I am using this function to save a batch Arrow files into a single Arrow file with record batches:
function combinebatches(path::String, file::String, batches)
files = Array{String,1}()
for i = 1:batches
push!(files,joinpath(path, "$(file)$(i).arrow"))
end
arrow_parts = Tables.partitioner(Arrow.Table, files)
open(joinpath(path, "$(file)_batched.arrow"), "w") do io
Arrow.write(io, arrow_parts, compress=:zstd)
end
#delete chunks
for i = 1:batches
rm(joinpath(path, "$(file)$(i).arrow"))
end
return nothing
end #combinebatches
When saving about 25 uncompressed arrow files with an average size of 1.8 GB each, required a RAM size of around 50GB. As I am partitioning my data to save RAM, this is creating a problem with the high RAM usage (in this case > 50GB). I was expecting that one would not require more than the maximum size of each single file (or perhaps number of threads x file size) to save the record batch.
This is certainly unexpected as you’ve described things.
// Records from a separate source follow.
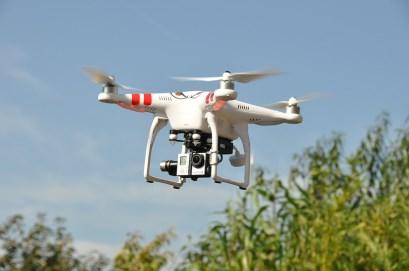 UAV típusok Felmérési célra használható drónok - közel fél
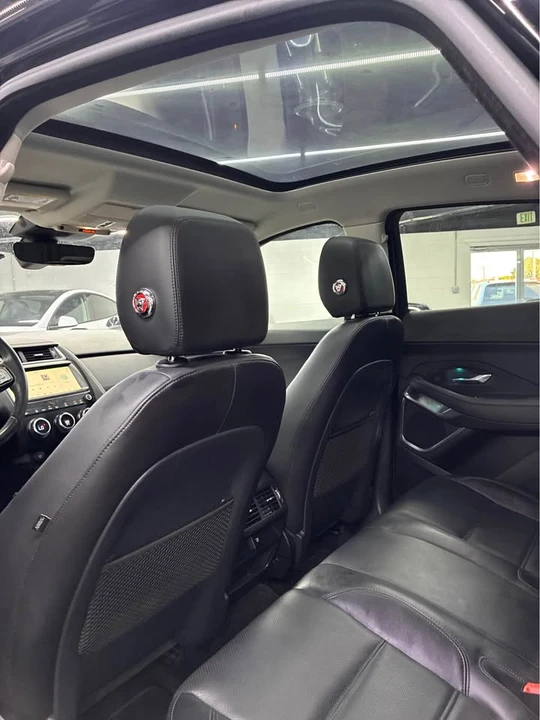 2020 Jaguar E-Pace - Image 7 of 9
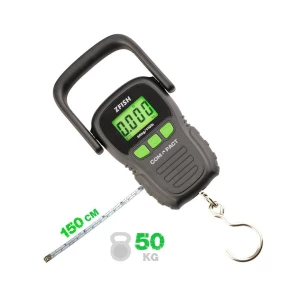 Bascula Zfish Compact Scale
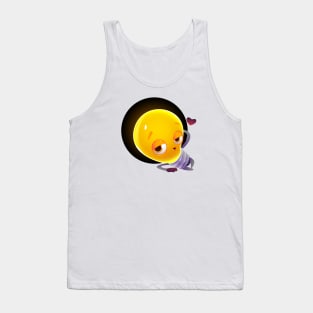 Emoji "Love" Tank Top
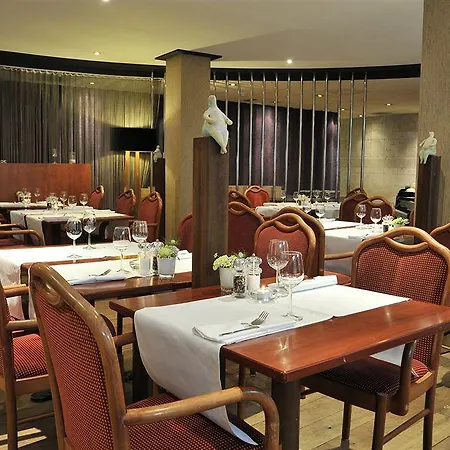 Fletcher Hotel-restaurant Hotel 4*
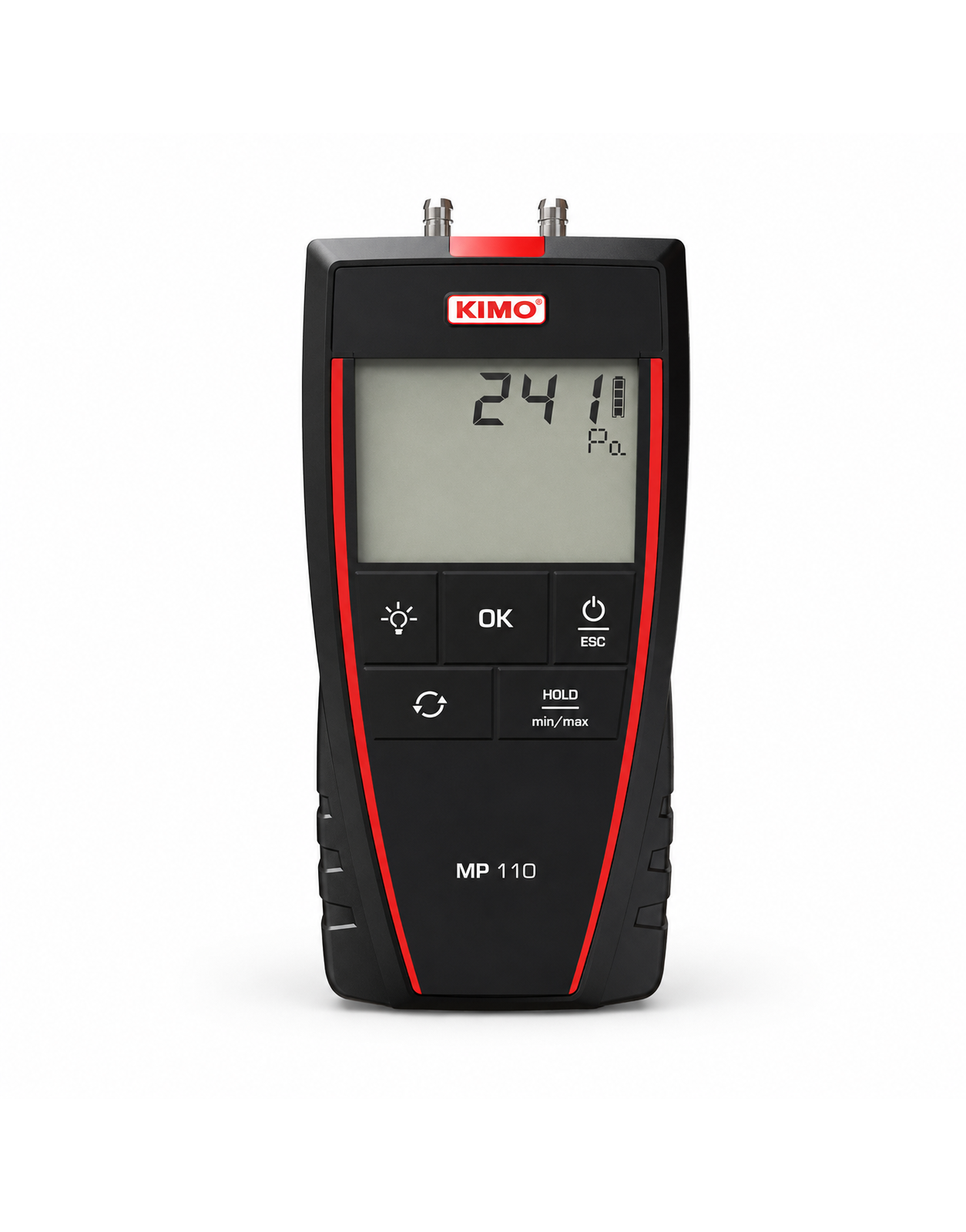 Kimo MP 110 MP 111 MP 115 MP 112 Manometer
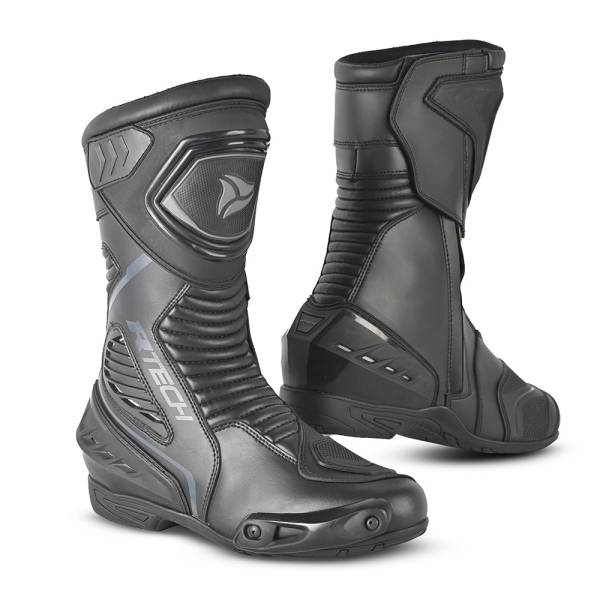 R-TECH Performer Man - Racing Boot - BLACK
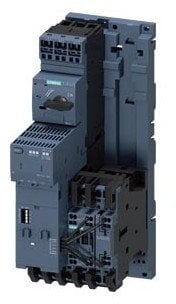Siemens Układ rozruchowy rewersyjny z ILM High Feature 3,5-32 A wielkość S0 z adapterami do montażu ...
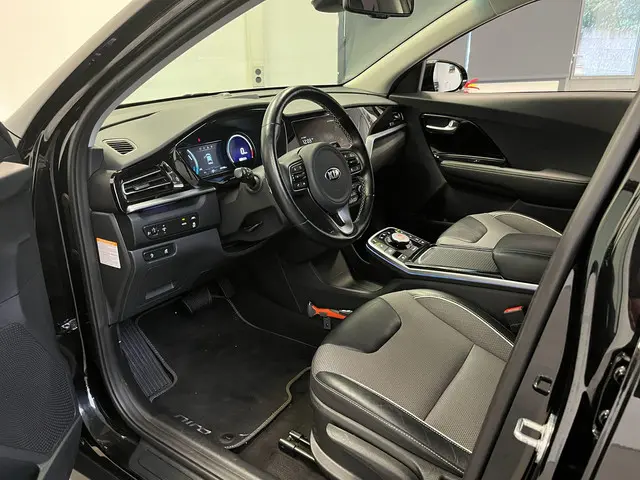 Kia e-Niro DynamicLine 64 kWh 2020 Elektrisch 15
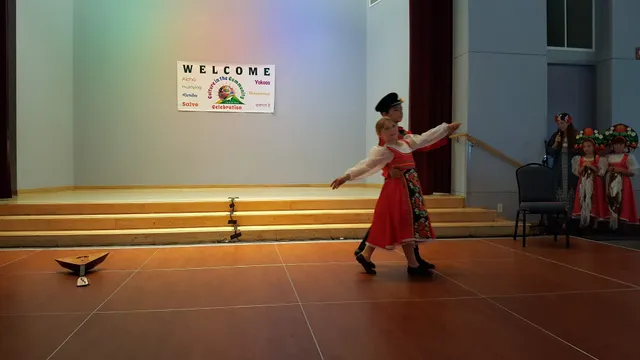 San Ramon Community Center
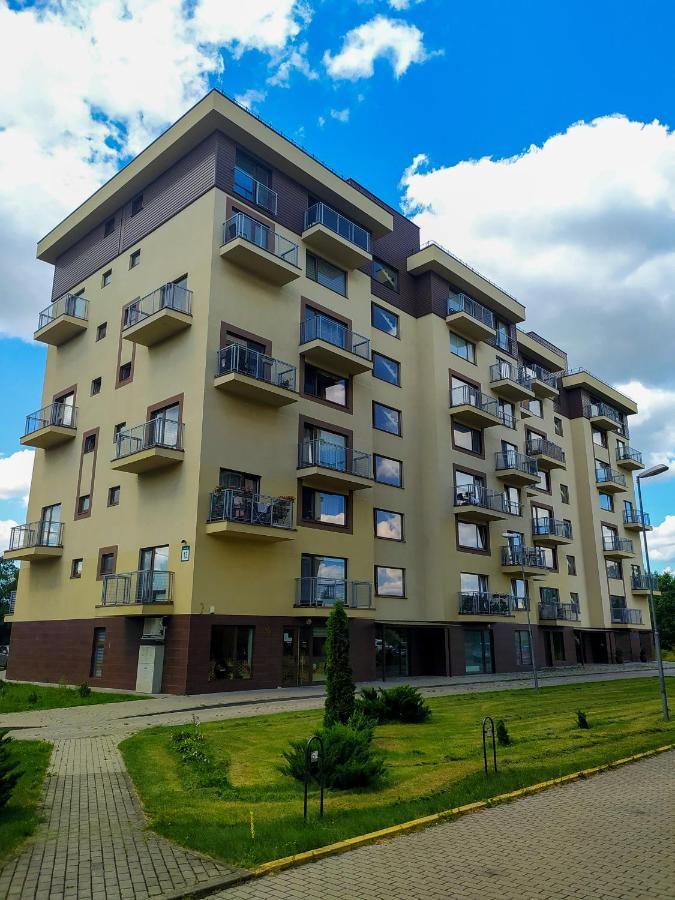 Eleni Studio Druskininkai Apartamento Exterior foto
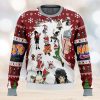 Donkey Kong Sprite Ugly Christmas Sweater 3D Gift For Men And Women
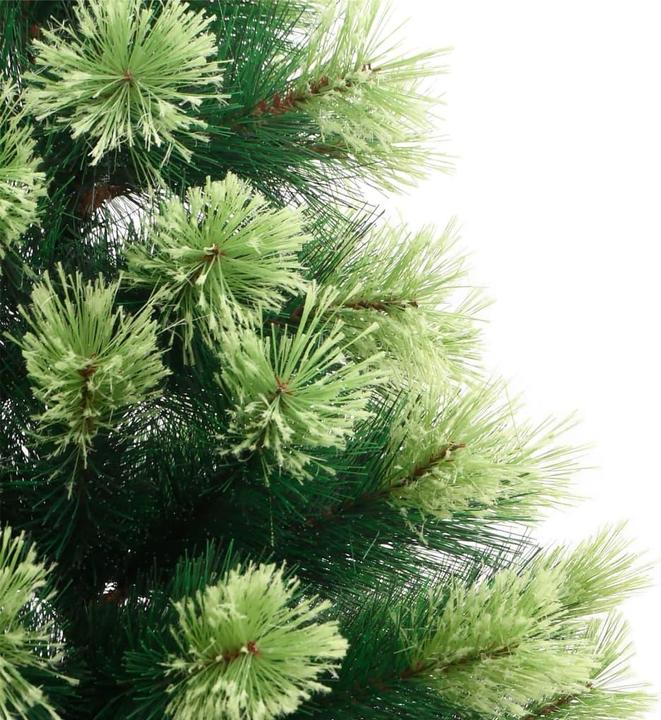Produktbild vidaXL künstlicher klappbarer Weihnachtsbaum (180 cm)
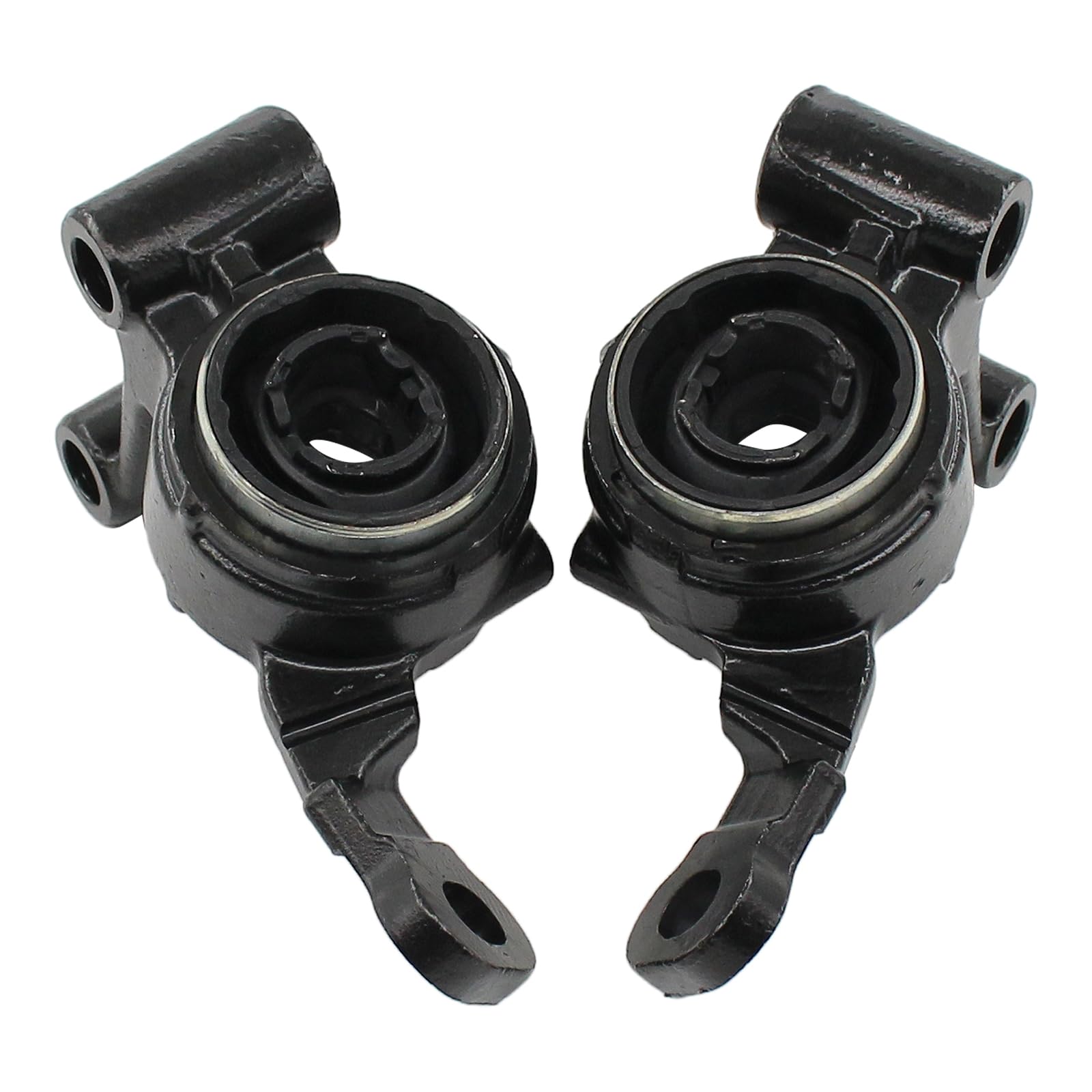 Photo 1 of NewYall Front Lower Rearward Left and Right Control Arm Bushing for Mini Cooper 2002-2008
A few things that come to mind that we should look into:
Although we’ve made some efforts to ensure writing an Arrow.Table out avoids making copies, it’s possible we’re missing something here and things are getting unnecessarily converted or materialized
We’ve seen a potentially related issue in CSV.jl where large chunks of memory seem to get “stuck” and not reclaimed by the GC. That bug is still under investigation.
That would be great, although I am processing close to a billion records in my DataFrames-based workflow (longitudinal population studies - a record for each day in the life of some 150 000 individuals), I have managed to keep my RAM usage generally below 64GB using the great partition features of Arrow, coupled with DataFrame’s amazing performance, but reducing the time from 8.5 days using a Java-based workflow to 1 day using Julia.
Happy to know that I am not doing something stupid in my code, also happy to test any change on my workflow if that would help.